# WORK INSTRUCTION
Go through the entries below, tally each line that has the word "does", and give only the total.
========================================================================
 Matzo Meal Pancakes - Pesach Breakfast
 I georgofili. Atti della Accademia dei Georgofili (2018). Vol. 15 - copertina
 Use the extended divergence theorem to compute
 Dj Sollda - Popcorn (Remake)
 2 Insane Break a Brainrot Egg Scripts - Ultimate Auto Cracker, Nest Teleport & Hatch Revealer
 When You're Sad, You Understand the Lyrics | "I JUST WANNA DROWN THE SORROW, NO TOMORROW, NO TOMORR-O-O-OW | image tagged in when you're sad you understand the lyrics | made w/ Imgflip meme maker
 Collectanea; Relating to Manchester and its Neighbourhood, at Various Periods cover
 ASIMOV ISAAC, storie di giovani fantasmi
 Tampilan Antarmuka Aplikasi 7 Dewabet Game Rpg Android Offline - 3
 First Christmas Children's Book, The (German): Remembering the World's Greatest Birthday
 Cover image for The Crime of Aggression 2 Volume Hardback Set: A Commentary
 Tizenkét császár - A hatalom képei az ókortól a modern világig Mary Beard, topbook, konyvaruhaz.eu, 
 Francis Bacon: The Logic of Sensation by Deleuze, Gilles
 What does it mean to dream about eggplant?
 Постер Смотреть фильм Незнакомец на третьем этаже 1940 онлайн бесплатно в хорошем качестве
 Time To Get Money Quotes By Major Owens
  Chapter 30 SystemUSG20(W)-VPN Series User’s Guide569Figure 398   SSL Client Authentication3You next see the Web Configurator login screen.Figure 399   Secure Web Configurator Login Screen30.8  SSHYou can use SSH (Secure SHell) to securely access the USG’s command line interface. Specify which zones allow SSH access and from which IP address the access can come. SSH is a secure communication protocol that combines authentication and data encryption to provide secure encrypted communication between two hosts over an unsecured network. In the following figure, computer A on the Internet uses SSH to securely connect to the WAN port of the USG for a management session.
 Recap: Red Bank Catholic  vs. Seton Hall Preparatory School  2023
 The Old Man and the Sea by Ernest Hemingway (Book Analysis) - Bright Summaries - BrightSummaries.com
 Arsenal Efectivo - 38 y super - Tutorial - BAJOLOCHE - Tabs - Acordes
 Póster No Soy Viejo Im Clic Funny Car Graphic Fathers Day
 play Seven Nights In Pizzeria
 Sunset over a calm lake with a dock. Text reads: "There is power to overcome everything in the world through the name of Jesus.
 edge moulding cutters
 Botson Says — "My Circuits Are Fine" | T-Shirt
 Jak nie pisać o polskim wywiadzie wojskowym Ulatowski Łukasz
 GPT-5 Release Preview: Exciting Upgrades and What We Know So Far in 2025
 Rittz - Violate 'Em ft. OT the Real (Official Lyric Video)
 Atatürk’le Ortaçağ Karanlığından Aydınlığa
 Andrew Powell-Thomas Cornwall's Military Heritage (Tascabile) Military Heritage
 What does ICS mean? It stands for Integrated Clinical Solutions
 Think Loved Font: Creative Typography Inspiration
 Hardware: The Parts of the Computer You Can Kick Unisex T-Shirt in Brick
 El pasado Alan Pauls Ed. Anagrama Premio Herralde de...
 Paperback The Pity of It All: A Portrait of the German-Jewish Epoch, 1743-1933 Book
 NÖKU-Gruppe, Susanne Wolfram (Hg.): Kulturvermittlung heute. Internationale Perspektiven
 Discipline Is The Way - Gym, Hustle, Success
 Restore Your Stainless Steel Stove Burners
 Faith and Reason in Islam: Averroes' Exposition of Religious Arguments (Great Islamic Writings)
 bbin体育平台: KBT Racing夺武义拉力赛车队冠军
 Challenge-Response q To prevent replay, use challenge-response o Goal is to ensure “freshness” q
========================================================================
# SOLUTION
2